Is effort ever proportional? Relationships Edition
We feed off relationships. Wether the needs of said relationship are met are what decides if the bond is sustained or not. To be honest, I have never been in many relationships to deem wether I am qualified to write this but had my sufficient share of them. Humbly speaking, I’ve succeeded in most but not without failure. Sorry to be the bearer of bad news but the answer is a simple no. But for many underlying factors that we frequently overlook. But to understand that them will you achieve true power to overcome challenges in the future.
Friendships for one, should be easy, no commitment and stress free. (for us guys sorry) Almost no effort is required because we understand as men, there is no need for us, who start from ground 0 to cause more stress to one another. We feed off each other’s energy for our entertainment. The boys are there for you. And rightly so. We create an environment; almost like an outlet to destress each other and the fact of the matter is that because it is so easy to be with them that we keep looking for this platform and are constantly drawn to them. We understand each other on the molecular level because we were born with the same male genetics hence further cohesion is formed. The occasional effort to wingman another brother, or to help with an individual’s network or even for the once in a blue moon favour often grants its rewards in the form of our company to each other. Hence it may even be said that no effort was put in because the fruits of the relationship had already been born. If you ever thought your effort was unjustified in a group setting, you're probably in the wrong group..

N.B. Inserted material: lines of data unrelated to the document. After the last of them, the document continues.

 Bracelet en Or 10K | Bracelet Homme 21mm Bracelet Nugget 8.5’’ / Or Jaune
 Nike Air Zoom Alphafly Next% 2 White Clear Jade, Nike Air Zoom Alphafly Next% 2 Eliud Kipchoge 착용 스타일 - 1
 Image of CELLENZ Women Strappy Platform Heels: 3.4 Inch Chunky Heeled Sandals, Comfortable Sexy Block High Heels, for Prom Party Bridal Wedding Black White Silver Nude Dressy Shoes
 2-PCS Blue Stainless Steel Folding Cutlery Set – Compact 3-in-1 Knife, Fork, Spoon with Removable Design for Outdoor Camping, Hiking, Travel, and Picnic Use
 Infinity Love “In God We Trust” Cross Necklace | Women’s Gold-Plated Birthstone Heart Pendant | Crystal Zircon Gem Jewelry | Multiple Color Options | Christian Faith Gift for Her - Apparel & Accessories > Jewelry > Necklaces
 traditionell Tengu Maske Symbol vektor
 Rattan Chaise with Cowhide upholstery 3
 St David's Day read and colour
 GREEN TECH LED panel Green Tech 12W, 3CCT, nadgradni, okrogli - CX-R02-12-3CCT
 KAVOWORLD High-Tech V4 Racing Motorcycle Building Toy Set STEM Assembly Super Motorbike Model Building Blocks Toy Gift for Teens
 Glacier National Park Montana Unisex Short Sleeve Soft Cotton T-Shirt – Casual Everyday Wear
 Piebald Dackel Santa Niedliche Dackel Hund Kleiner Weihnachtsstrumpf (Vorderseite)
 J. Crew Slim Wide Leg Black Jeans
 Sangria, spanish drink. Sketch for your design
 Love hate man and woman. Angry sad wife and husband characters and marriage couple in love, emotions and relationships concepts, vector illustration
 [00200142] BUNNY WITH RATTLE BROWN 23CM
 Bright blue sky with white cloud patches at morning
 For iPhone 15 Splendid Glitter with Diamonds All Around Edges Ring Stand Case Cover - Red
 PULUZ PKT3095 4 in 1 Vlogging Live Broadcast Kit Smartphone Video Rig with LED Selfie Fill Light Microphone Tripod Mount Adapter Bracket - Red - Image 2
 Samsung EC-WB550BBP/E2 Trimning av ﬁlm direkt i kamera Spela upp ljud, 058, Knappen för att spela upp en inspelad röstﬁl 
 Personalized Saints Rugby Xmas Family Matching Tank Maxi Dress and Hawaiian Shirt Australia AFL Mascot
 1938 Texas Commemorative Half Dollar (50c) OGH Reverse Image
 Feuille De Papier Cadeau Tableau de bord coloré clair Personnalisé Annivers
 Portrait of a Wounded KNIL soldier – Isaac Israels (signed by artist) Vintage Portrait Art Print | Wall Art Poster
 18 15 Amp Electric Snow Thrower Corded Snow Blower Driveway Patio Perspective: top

On to the juicy part; the same CANNOT be said about romantic relationships. I believe strongly that there is no relationship on this earth where its partners commit an equal 50% to each other. Almost every relationship requires one to give more than the other. The reason? Both men and women are created different. As a lady, you are born blessed with innate value. Women are not forced to fight in wars, neither are they traditionally expected to provide for a household in the presence of a man. Undoubtedly, they have a separate set of struggles, sometimes more difficult for a man. Don’t fight me though I LOVE WOMEN. But for a man, he was born with no value. He is expected to build an empire around his life to be worth even considered as a partner. He, a man with nothing, is useless. And truthfully, it should not be any other way. Life is precious, but he must have the capacity for him to live. No women will provide for him; a lonely man might as well be the definition of independence. It doesn’t sound as terrible as it does though. No matter how much the left suggest that a man is equal in all ways to a women does NOT change the fact that we simply aren’t. Though equality is not achieved, equity is not a pipe dream away. Hence bringing me to my point that effort would never be proportional. In many cases, the women have fought for their equality or to even dream of having the hierarchal status as some men. While men have to fight harder to find a partner. All is fair in love and war but never equal. Simply fair and barely fair enough. For the left, for this to bring you existential crisis would be an utter waste of time. Sometimes we just have to accept it.